*Data to use*
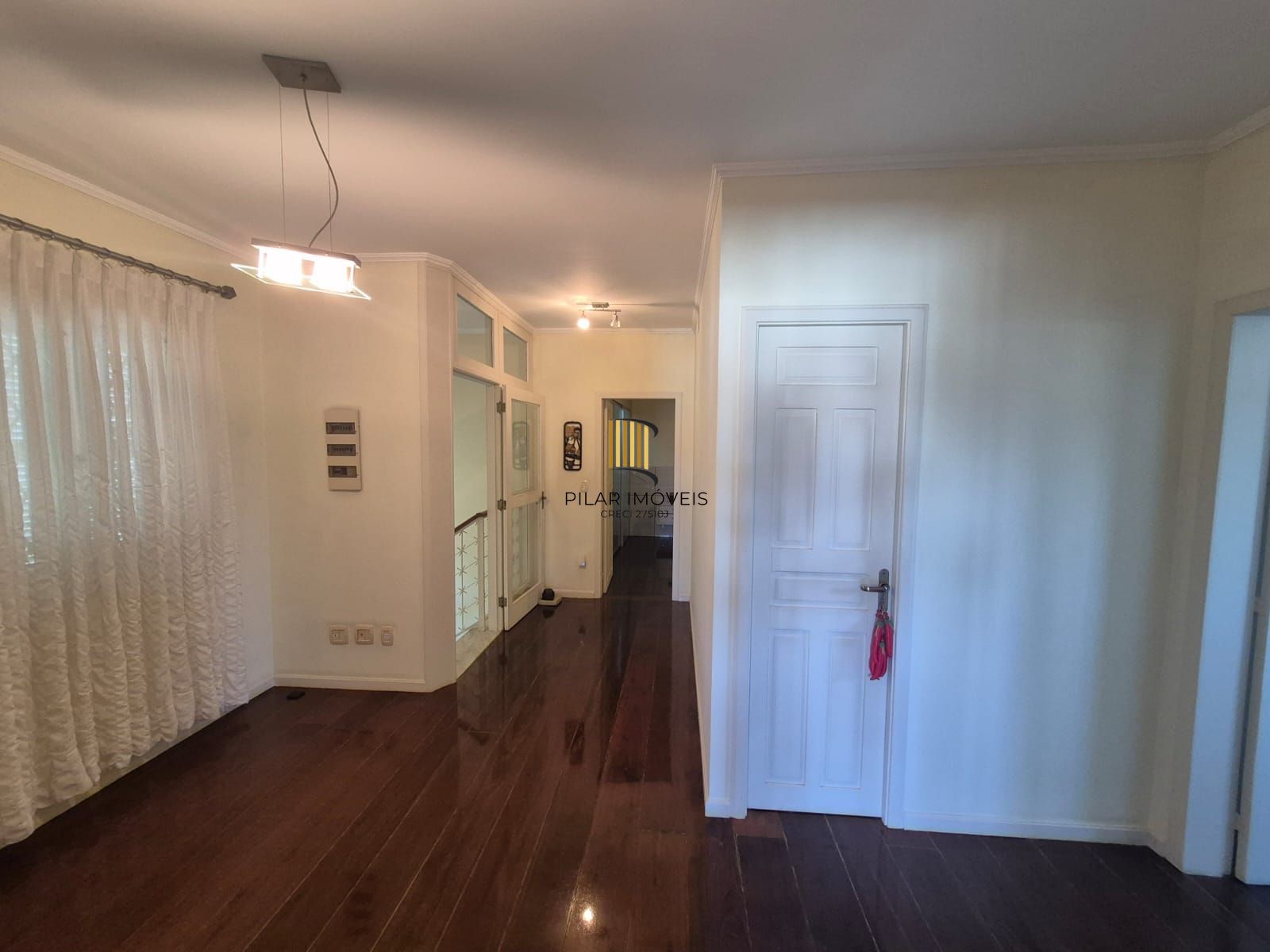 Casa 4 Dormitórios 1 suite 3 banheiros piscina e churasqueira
--
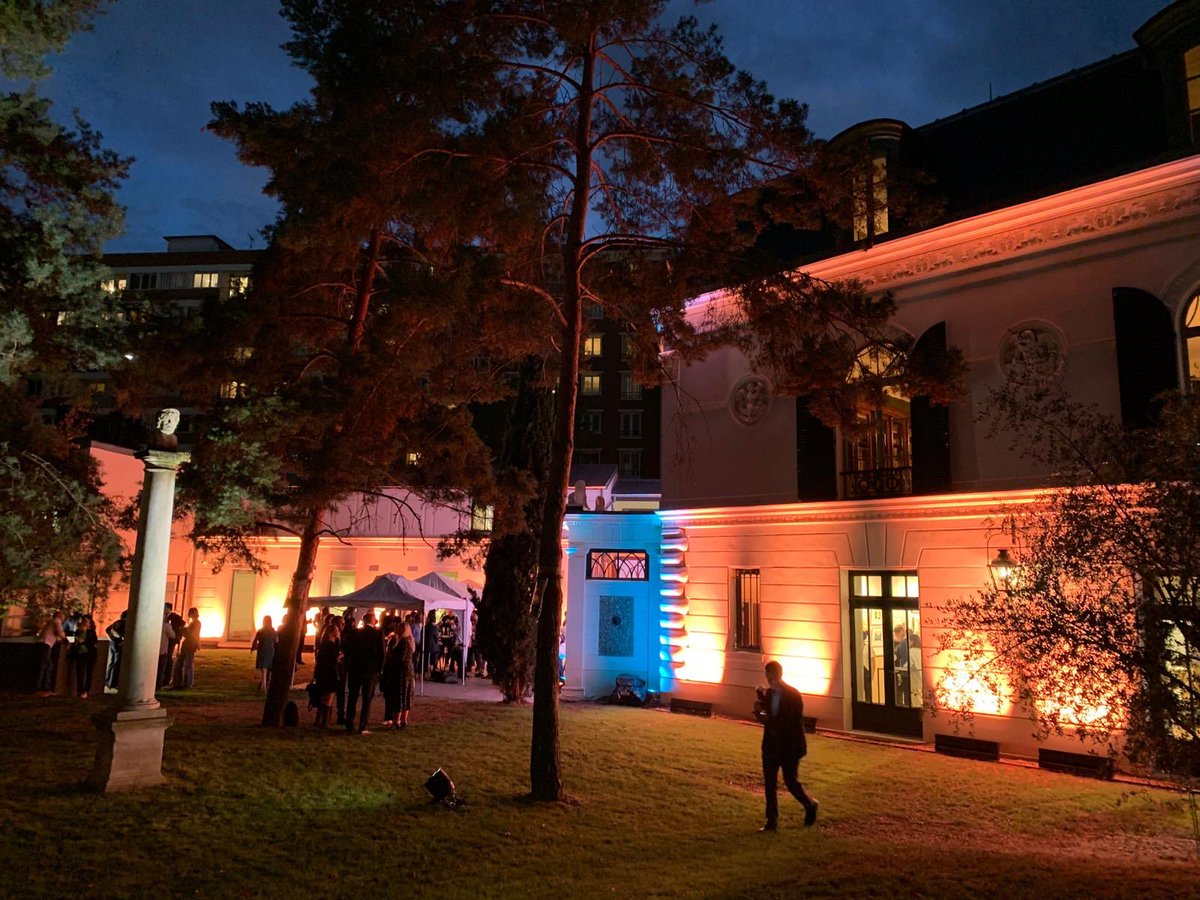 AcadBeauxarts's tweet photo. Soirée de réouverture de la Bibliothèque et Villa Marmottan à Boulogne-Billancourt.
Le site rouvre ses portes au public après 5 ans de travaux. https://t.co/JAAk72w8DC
---
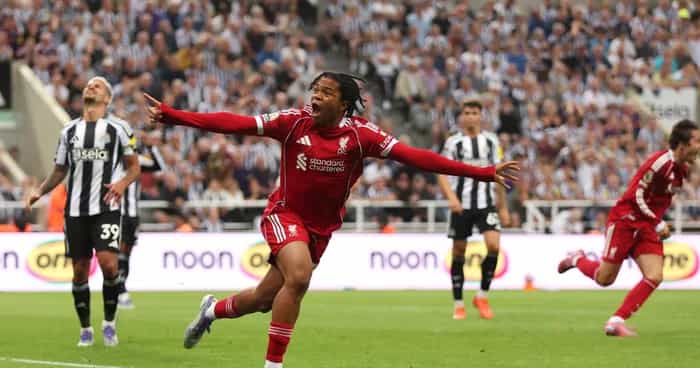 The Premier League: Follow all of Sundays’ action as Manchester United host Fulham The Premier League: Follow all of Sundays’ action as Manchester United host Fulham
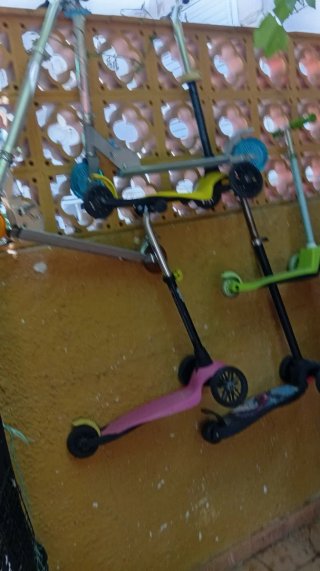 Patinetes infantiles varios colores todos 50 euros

*Aim of the task*
Retype the lines above exactly as they appear, from the line containing "host Fulham The" through the line containing "Patinetes infantiles varios", and leave out any pictures.

*Written solution*
 The Premier League: Follow all of Sundays’ action as Manchester United host Fulham The Premier League: Follow all of Sundays’ action as Manchester United host Fulham
 Patinetes infantiles varios colores todos 50 euros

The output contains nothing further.